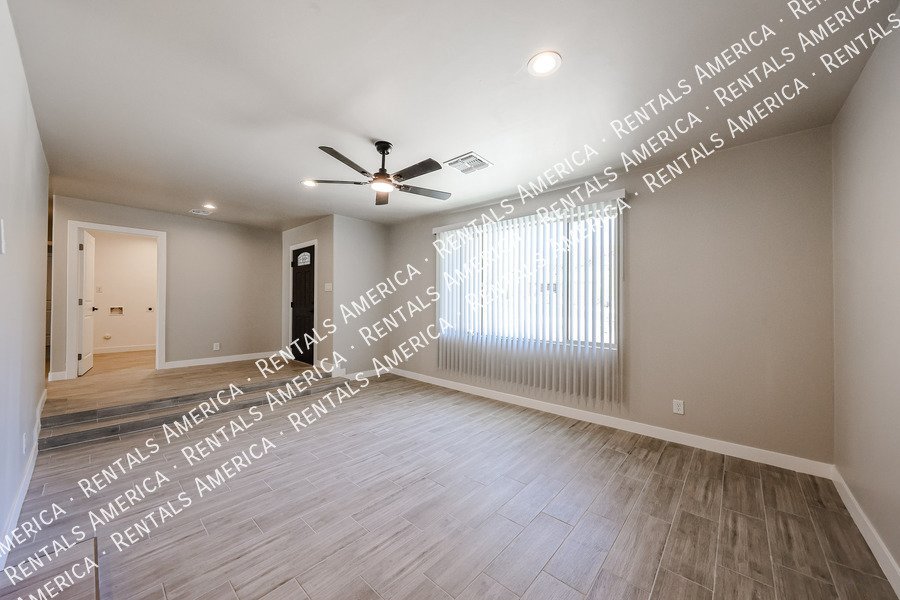 Stunning South Mountain View Home ? Fully Renovated & Move-In Ready property image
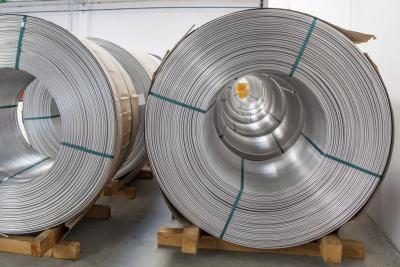 Bobines de fil d'aluminium.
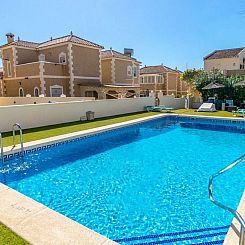 Geschakelde woning in Orihuela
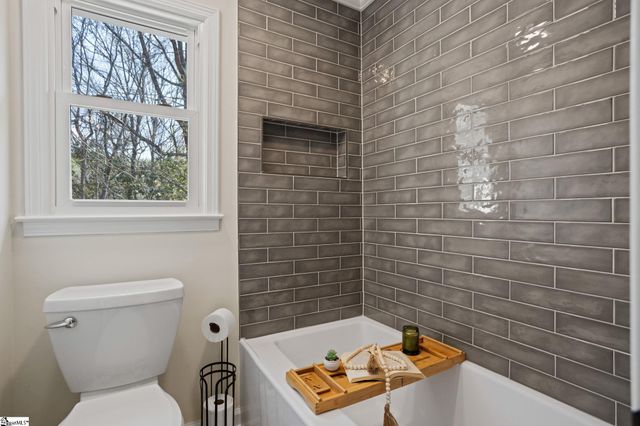 111 Chase Woods Court, Simpsonville, SC 29680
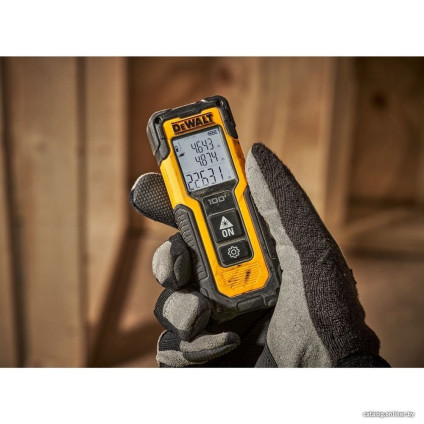 Лазерный дальномер DeWalt DWHT77100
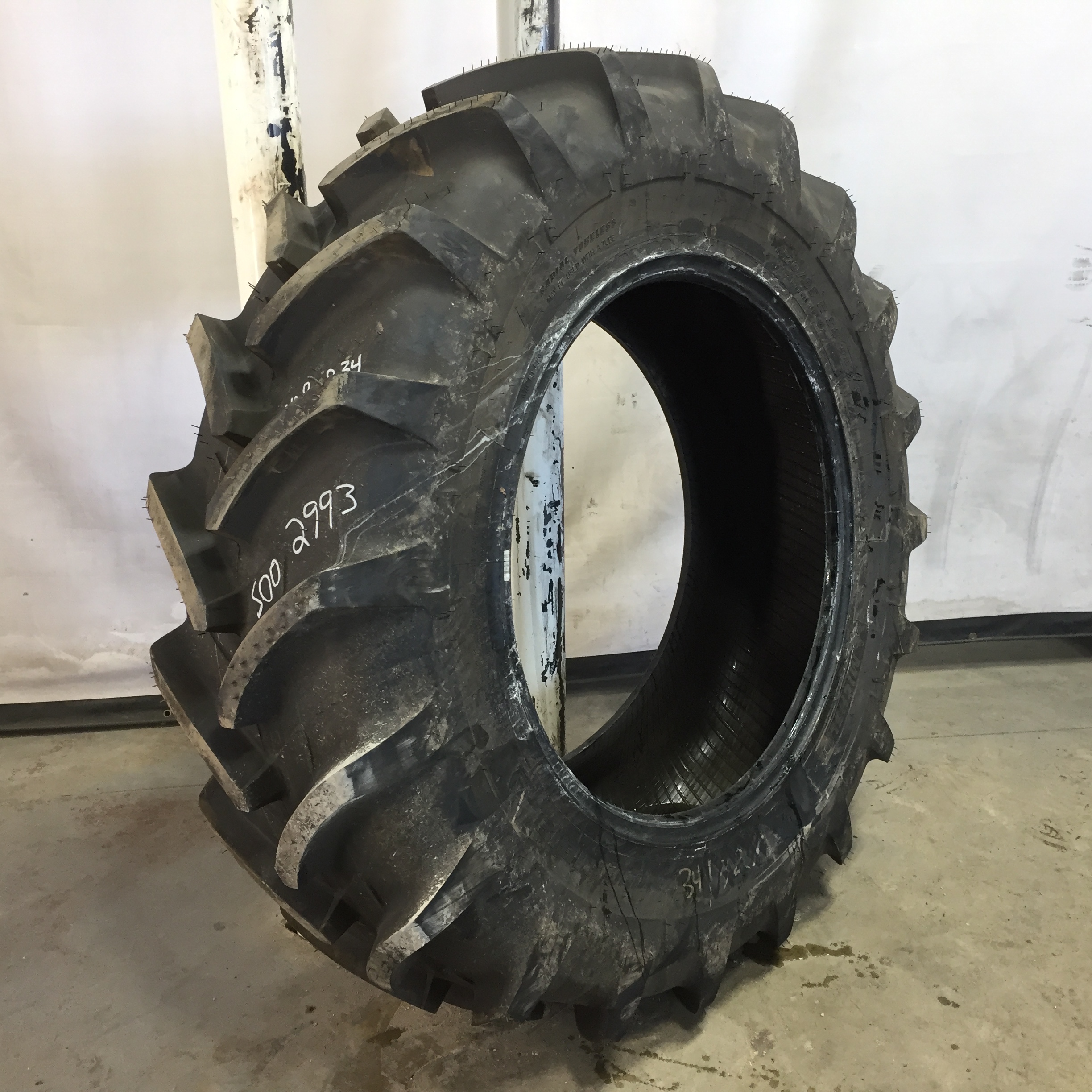 420/85R34 Michelin AgriBib R-1W Tire S002993
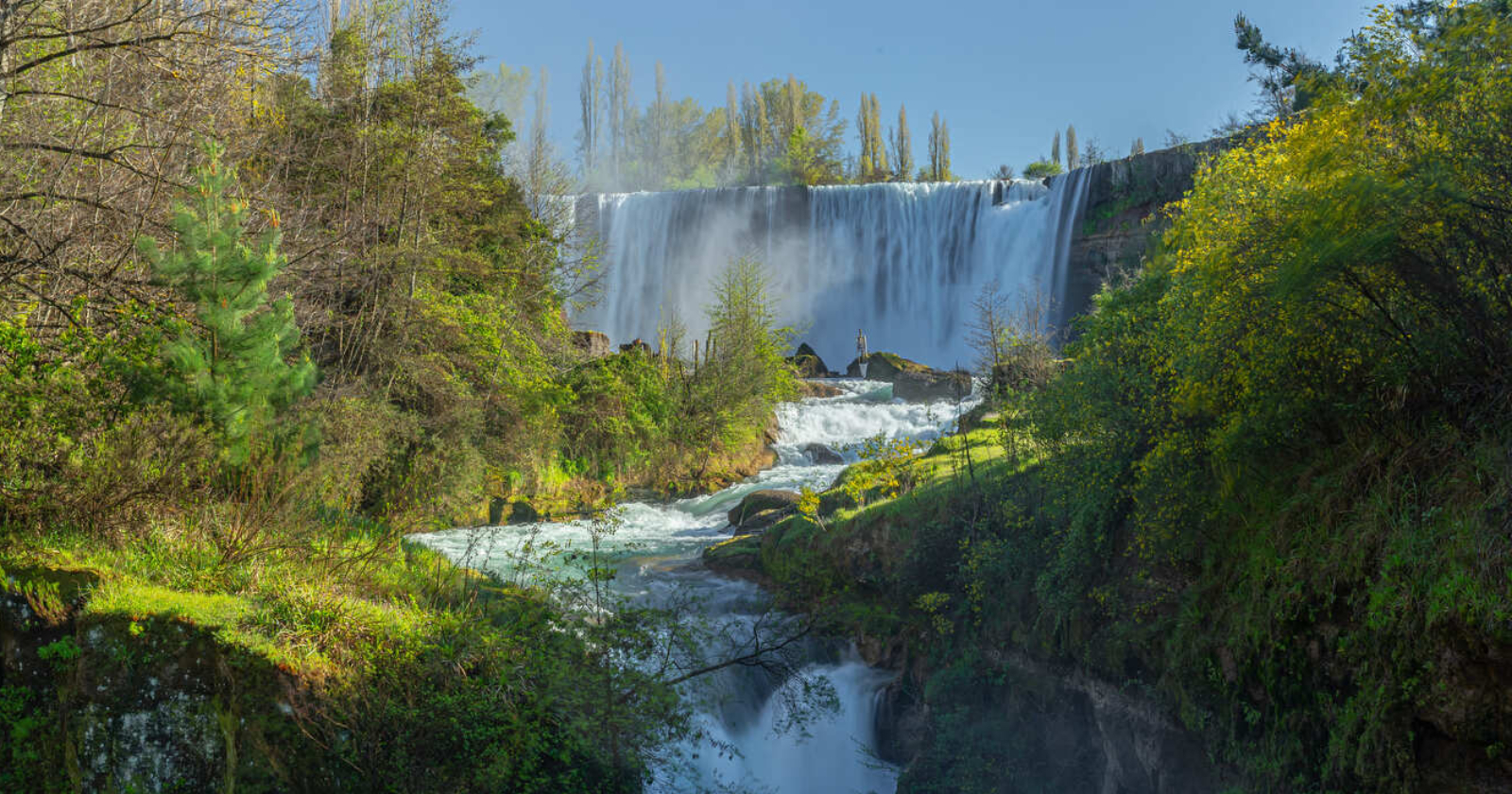 Image of waterfall in Chile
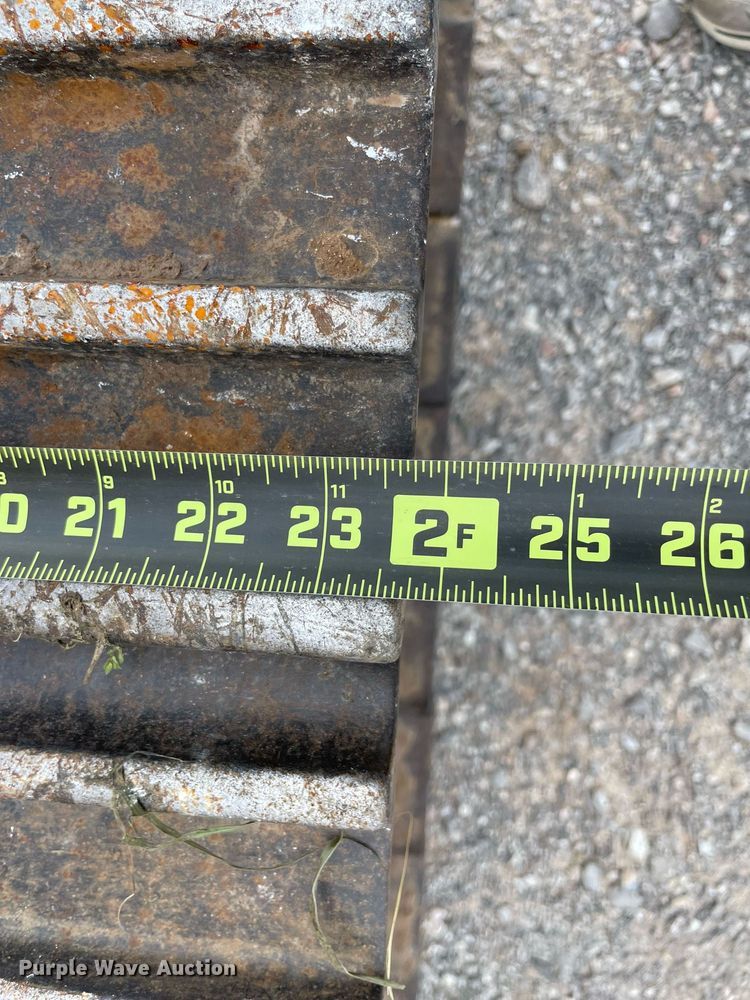 image for item NB9116 2003 Case CX130  excavator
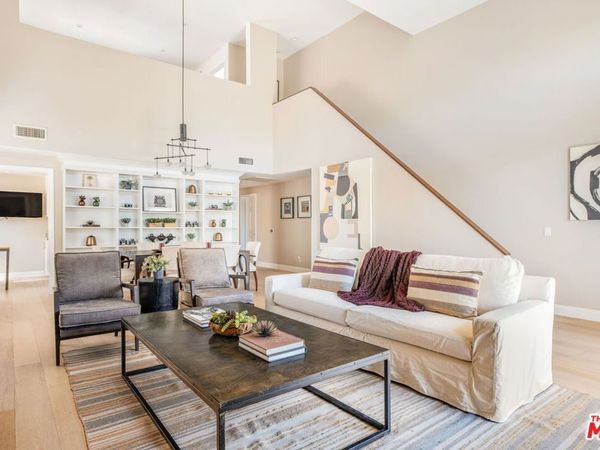 10511 Ashton Avenue, Unit 305, Los Angeles, CA 90024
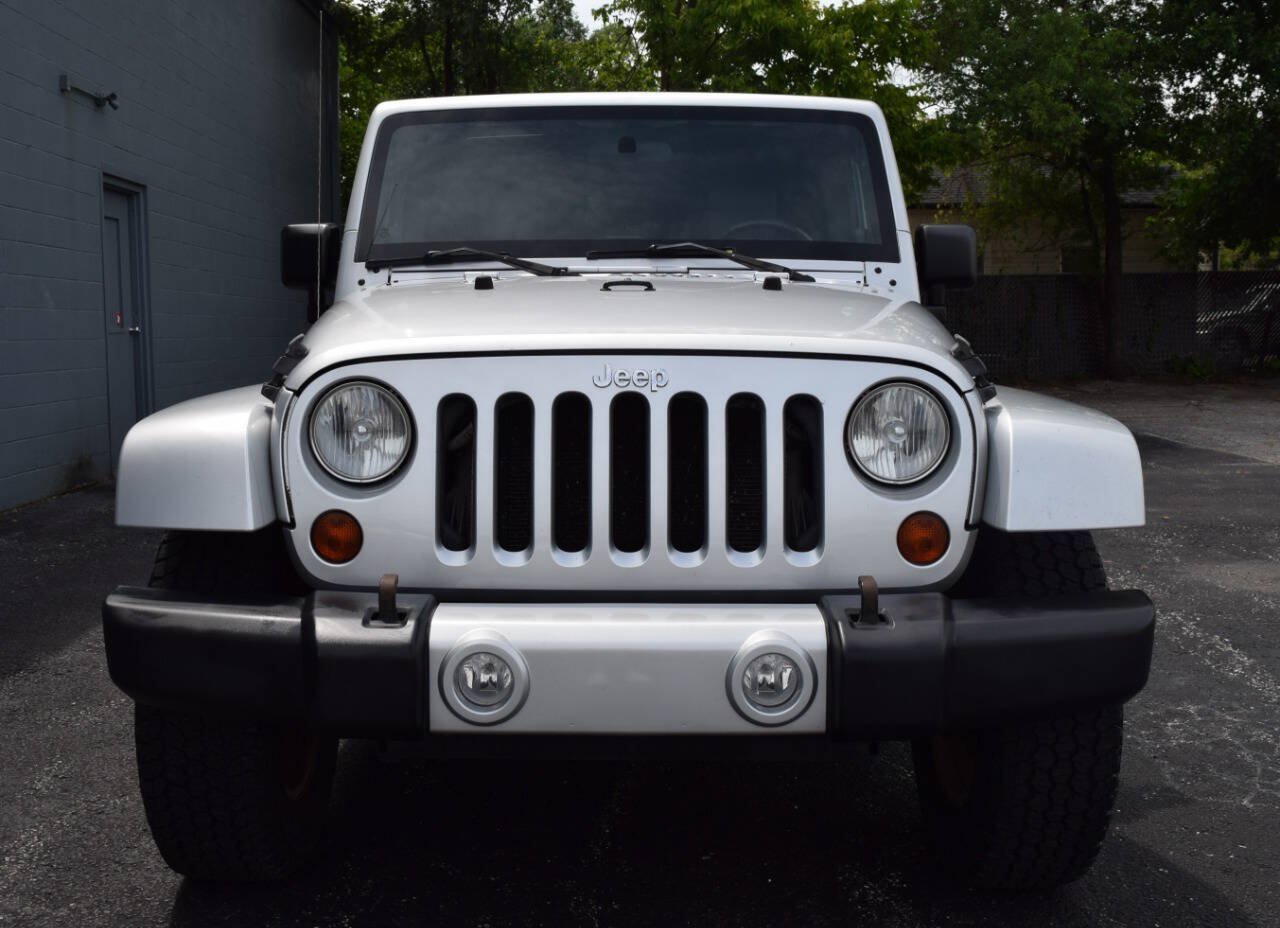 Used 2010 Jeep Wrangler Unlimited Sahara w/ Trailer Tow Group AWD/4WD image 11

=== Aim of the task ===
Only the lines from the one with "Geschakelde woning in Orihuela" through the end of the data, both ends included, should be written out exactly, and no pictures should appear.

=== Solution ===
 Geschakelde woning in Orihuela
 111 Chase Woods Court, Simpsonville, SC 29680
 Лазерный дальномер DeWalt DWHT77100
 420/85R34 Michelin AgriBib R-1W Tire S002993
 Image of waterfall in Chile
 image for item NB9116 2003 Case CX130  excavator
 10511 Ashton Avenue, Unit 305, Los Angeles, CA 90024
 Used 2010 Jeep Wrangler Unlimited Sahara w/ Trailer Tow Group AWD/4WD image 11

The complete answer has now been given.